Apparently the Jacksons of Sampson County have plenty to shout about. By the second half of the 20th century, the family had established some type of dynasty in a field of music in which the participants can boast of saving lives, not making hit records; perhaps meaning a greater glory awaits them then, say, the sibling members of the Jackson Five. O.B. Jackson's brother Dewey Jackson was the first ever winner of the Hollerin' Contest held annually since 1969 in Spivey's Corner, NC, and O.B. Jackson himself yelled his way to victory in 1972. In the '90s, by which time it had been practically set in stone as a local philosophy that no representatives of the younger generation would ever learn to holler properly, along came another descendent of this mighty-lunged breed, Paul Jackson, first-prize winner at least three times during that decade.
Hollerin' may not be as popular as rock & roll, but the Spivey's Corner winners are subject to worldwide media coverage during the event, and inevitably wind up performing on shows such as The Tonight Show, whose host Jay Leno is a great fan of Appalachian music in general. Some pundits may think the hollerin' skill is in the Jackson genes, but it seems more realistic that it is a case of practice making perfect. The schedule of O.B. Jackson would make even the most ambitious, dedicated practicing instrumentalist seem like a lazy bones. "Every morning at five a.m., O.B. Jackson gets up and hollers to call the cows in," boast the liner notes to the Rounder collection naturally entitled Hollerin'. Whichever of the Jackson brothers is up first will also perform a special "wake-up" holler, and these are just the preliminaries in full days of activity in which there might be a holler for almost every purpose. Some of the earliest hollerin' the brothers have recalled is their father and uncle calling for them to bring water into the turpentine woods, or out to parched men working in the fields. The "Turpentine Woods Holler" is one of Dewey Jackson's recordings of these memories. Of course, there are also the distress hollers, and every old-timer has a story about someone's life being saved only because their hollerin' technique was good enough to carry to a distant set of ears. Perhaps of even greater importance, especially if one is in the habit of dining on squirrel meat, is the O.B. Jackson claim that he can holler in such a way as to approximate the mating call of a squirrel, and furthermore actually trick a squirrel with the hots, luring it to its death. Okay, it is really just another way of singing for your supper, but pretty impressive nonetheless. However, it is his philosophy that tricking a squirrel in such a way is bad karma. Real musical communication with animals has to be based on some kind of material reward, usually food. No matter how wonderfully a cow holler is performed, if there isn't some kind of treat for the cow on the other end, the animals will no longer respond. Or as O.B. Jackson says, "You just call to be a' callin', though, he ain't gonna pay you no mind."

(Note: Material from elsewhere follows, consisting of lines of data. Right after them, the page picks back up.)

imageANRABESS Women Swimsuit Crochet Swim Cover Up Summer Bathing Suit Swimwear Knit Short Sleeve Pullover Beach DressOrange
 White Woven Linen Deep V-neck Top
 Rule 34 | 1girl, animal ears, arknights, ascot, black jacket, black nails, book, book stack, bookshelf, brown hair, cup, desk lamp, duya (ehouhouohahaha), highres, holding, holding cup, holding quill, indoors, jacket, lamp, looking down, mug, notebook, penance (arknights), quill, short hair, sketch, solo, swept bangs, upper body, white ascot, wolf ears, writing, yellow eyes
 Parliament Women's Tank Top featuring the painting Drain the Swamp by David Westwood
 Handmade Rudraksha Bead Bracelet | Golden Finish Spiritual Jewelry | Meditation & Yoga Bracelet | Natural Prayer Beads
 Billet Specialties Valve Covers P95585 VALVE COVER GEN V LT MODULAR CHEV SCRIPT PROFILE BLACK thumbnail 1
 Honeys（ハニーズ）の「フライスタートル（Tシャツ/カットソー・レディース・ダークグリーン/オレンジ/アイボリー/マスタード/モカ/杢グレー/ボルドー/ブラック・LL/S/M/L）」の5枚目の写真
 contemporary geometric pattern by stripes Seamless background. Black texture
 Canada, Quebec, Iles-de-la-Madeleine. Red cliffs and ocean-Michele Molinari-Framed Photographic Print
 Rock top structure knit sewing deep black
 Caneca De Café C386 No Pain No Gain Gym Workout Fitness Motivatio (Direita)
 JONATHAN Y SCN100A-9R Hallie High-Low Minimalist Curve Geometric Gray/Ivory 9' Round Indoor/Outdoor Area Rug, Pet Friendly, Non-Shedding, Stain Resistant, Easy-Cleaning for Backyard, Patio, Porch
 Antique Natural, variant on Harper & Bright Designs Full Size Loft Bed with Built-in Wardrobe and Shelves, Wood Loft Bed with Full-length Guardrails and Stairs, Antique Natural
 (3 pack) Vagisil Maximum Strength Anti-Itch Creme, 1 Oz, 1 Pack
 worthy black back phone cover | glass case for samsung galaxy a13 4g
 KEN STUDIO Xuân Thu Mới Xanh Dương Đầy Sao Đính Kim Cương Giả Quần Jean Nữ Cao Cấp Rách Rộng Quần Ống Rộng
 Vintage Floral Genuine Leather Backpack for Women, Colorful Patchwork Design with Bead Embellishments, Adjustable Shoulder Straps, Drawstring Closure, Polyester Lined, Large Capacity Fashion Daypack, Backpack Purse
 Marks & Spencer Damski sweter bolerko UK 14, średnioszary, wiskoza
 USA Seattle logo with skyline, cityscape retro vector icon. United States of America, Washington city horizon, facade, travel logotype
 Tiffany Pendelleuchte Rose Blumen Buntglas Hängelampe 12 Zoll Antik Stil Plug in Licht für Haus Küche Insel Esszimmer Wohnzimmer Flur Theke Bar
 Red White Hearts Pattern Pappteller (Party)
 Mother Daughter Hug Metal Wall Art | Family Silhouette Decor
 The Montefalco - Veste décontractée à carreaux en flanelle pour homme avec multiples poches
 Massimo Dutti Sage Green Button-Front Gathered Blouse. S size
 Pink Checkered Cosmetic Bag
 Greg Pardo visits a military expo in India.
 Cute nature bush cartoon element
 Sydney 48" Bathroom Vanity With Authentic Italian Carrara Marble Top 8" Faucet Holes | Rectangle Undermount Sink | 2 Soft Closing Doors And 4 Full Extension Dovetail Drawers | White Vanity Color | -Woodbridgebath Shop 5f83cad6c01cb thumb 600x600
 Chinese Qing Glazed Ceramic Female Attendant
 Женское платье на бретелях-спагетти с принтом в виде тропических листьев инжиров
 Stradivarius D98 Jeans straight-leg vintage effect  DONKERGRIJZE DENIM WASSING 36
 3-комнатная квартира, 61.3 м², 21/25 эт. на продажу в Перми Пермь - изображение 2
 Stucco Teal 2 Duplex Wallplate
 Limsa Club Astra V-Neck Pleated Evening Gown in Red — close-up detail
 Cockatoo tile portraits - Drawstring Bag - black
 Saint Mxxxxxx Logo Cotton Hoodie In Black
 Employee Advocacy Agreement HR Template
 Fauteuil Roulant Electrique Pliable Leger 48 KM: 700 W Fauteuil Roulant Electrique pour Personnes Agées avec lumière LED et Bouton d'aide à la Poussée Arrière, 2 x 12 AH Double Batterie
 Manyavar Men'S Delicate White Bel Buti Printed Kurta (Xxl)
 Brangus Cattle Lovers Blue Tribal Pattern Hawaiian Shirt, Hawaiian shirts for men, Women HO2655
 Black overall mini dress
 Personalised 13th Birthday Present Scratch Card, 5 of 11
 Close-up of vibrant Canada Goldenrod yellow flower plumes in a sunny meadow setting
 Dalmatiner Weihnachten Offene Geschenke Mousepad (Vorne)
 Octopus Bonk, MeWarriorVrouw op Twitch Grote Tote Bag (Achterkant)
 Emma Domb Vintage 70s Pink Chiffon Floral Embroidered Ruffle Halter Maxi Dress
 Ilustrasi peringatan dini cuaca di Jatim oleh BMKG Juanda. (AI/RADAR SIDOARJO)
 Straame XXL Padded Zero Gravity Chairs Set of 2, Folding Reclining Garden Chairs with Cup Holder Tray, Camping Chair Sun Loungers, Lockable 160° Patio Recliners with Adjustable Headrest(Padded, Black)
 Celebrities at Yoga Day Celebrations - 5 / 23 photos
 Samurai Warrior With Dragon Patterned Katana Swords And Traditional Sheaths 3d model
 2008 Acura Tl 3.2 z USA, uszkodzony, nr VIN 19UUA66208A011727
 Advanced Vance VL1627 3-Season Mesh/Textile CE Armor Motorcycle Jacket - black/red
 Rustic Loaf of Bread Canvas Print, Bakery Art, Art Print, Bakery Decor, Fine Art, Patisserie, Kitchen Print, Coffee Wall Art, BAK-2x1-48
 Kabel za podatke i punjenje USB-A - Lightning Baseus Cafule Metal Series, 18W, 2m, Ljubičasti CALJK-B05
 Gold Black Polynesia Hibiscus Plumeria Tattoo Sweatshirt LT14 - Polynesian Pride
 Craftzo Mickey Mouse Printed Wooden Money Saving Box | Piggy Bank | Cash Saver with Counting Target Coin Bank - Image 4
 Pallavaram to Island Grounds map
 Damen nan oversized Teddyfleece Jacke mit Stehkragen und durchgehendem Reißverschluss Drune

As strong as the local traditions were about hollerin' in this area of North Carolina, the contest itself didn't spring up until several locals created the event initially as a joke in 1969. Eventually it became part of a large summer weekend fair, not only the loudest part but also the one attracting the most interest. The recordings released by Rounder have seeped into every nook and cranny of the underground-radio world, played by disc jockeys from Dr. Demento to Bizarro, and have also been sampled on a variety of avant-garde and exotic rap recording projects. Both of the Jackson brothers are considered among the finest creators of a vocal style in which there are rapid shifts between the natural and falsetto voice, an effect akin to yodeling but different. Some critics see a similarity between this type of singing and the multi-octave throat singing of Central Asian Tuvan singers. Long ago but not as far away, similar hollers were recorded as early as 1944, by a Georgia man named Frances Harper. Much of O.B. Jackson's material is also cut right out of the old-time music quilt, such as his recording of the classic "Shortnin' Bread," and a medley entitled "Old Timey Hollers." He also performed a wicked "Santa Claus Is Coming to Town," which along with the version by Bahamian guitarist Skip James, represents some of the most demented Christmas music ever recorded. Fans of poultry may be partial to "Big Fat Turkey," thematically linked to Thelonious Monk's "Stuffy Turkey," while family types will like the brotherly love so strongly expressed in "O.B. Calls Dewey."